Another problem is its high-temperature material compatibility. As an excellent cooling agent, Ga based materials have been popularly used for rapid dissipation of heat from systems in order to protect them from burning. However, at high temperatures, Ga-based materials themselves tend to corrode and embrittle other metal substrates (e.g., stainless steel, Al, Cu), causing possible failure of electronic devices, solar cells or heat storage systems. Although surface modification of LM nanodroplets can lead to stable anti-corrosion effect towards metals, it dramatically reduces its electrical conductivity. Therefore, more efforts have to be devoted to fundamental research about Ga corrosion mechanism and protection methods to explore practical coating strategy for effective metal protection without the degradation of electrical properties.

Although the electrical conductivity of Ga is sufficient for building electronic devices, it is still one magnitude lower than Cu. Therefore, further improving the conductivity of Ga based materials is of critical importance to enhance the performance of Ga based devices [159].

Currently, most of the research about Ga based materials have been limited in the lab. There is an urgent necessity for a smooth transition of the experimental findings to industries. For example, the safety issue and mileage anxiety of LIBs have always been huge obstacles for the development of electric vehicles. The current investigations have shown a promising future of solving those problem in the mild experimental conditions using the transformable Ga based LM materials to avoid the penetration of separator by the formed Li dendrite and suppress the expansion and damage of anode. However, the real scenario is more complicated with a great number of variables. Thus, more research must be done according to the strict testing standards.

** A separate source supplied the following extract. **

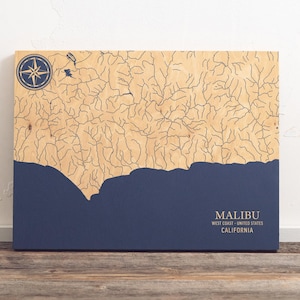 May include: A wooden map of Malibu, California, with blue water and a compass rose in the top left corner. The text "MALIBU" is printed in white at the bottom of the map, along with "WEST COAST - UNITED STATES" and "CALIFORNIA".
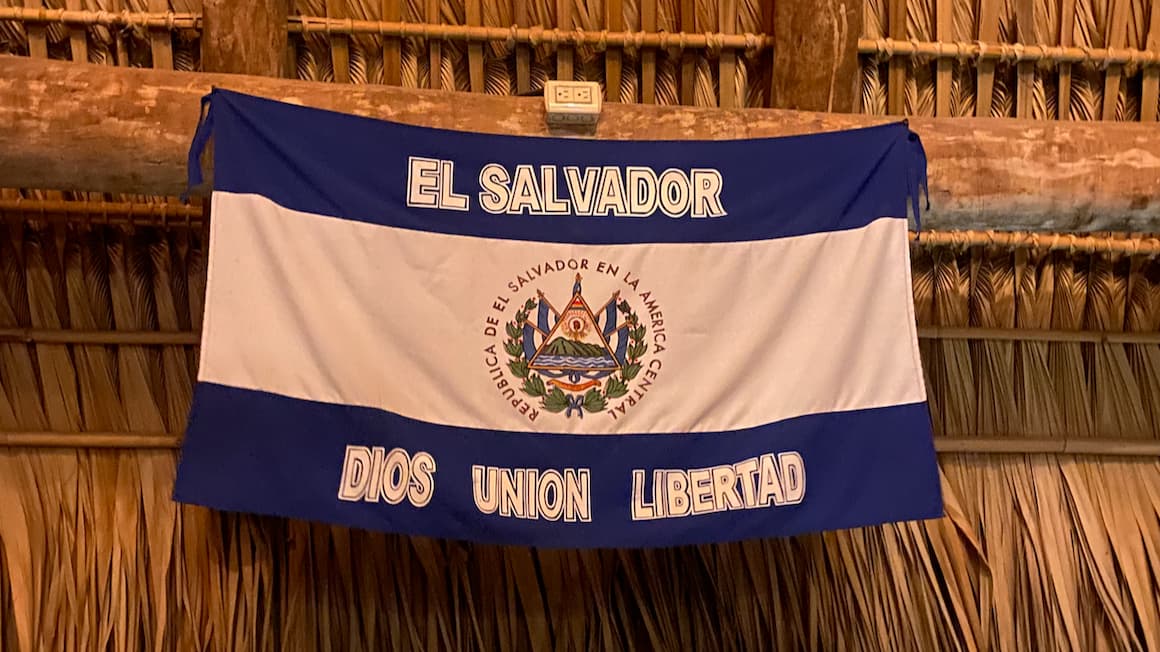 the striped blue and white el Salvador flag hanging at a restaurant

In spite of those aspects to improve, the fruitful progresses of Ga based materials in recent years have showed a bright future of this new-generation functional materials. We strongly believe that with many unique properties Ga based LM materials will boost in all sorts of emerging research fields and industrial applications to facilitate people’s daily lives, innovate medical treatment, alleviate energy crisis and promote robotic artificial intelligence.